Koch noted that the CARL simulator filled a gap in medical training. Medical schools have used full-body simulators to help train skills such as taking blood samples, sutures and stitches, and surgeries. Audiology students didn’t have any option other than to practice on live people.
“They were practicing on live classmates, on volunteers, or on themselves. They had no way to practice it on their own, so we provide tools that allow them to do so,” Koch said.
Audiology procedures can be invasive and require practice and skill to perform correctly. Some involve inserting metal instruments close to the eardrum. Hearing aid professionals need to insert material into the ear canal to get a mold for hearing aid devices.
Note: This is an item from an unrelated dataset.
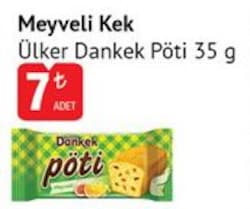 Ülker Dankek Pöti Meyveli 35 gr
“We heard from some people that they expected to send one student to the emergency room each year. They would have this silicone that would expand through their eardrum—quite literally get stuck inside of their canal—and they have to go to the ER for an emergency room doctor to take it out,” Koch said.
Demand for hearing aids and other ear protection devices has helped to increase awareness of the lack of proper simulation devices like CARL. Hearing aids are not only for elderly users either. Koch said younger patients suffer hearing damage at earlier ages due to earbud-style headphones and listening to higher decibel levels.
Hearing aids need to be fitted precisely to be effective. Performing these fittings is a complicated procedure that requires expertise—the kind of expertise that CARL can help develop.
“Fitting isn’t just plopping a hearing aid on someone. There is much work that goes together with the diagnosis to ultimately help them with their hearing loss,” Koch said.
AHead Simulations has clinics, colleges, and universities among their customer base. Koch noted that CARL could be used for patient education too. They are currently working on a pilot project in Toronto with a hearing aid clinic using CARL to teach their patients about the different hearing aid options available.
“It’s opening a whole new realm of not just training the professionals but also giving them a tool on which they can help the patients,” Koch added.
AHead Solutions is a graduate of our AC JumpStart and Accelerator Programs. Koch said that once they got in the door, they quickly realized the impact the Accelerator Centre and our mentors would make.
“It answers more than just how to build a business. I remember talking to Ellyn Winters-Robinson (marketing mentor) and we learned about how marketing can bring people to us instead of just outbound emails and calls. We also refined our demo and our sales process,” Koch said.
After graduating from the Accelerator Program in October 2021, AHead Solutions is focused on scaling its business. Koch said they have received increased interest from clinics as changes to market regulations are changing to allow over the counter and online purchases of hearing aid devices.
“How does that model change? Is there an opportunity for us to not just help train the clinician, but also educate the patient about their hearing loss journey in general,” Koch said.
Warby Parker and similar startups have changed the way people purchase prescription eyewear—a change that could come to the hearing aid market too. One of the major roadblocks is the need to have hearing aids be fitted to a patient. It’s a problem that Koch and the AHead Solutions team are looking into.
“Hearing loss and hearing aids are much more complex than a prescription for your glasses. I have no doubt in my mind that it’s going to get there one day. What I really see as an interesting opportunity is how we can provide a tool for people to try hearing aids. I think there’s a lot of opportunity there,” Koch said.
As AHead Solutions continues to grow its business and team, Koch’s advice for founders is simple—you’ll never really have all the answers.
“You really have to care about what you’re building and the problem it’s solving. It takes time. It takes patience. It takes persistence to figure out what your vision really is.”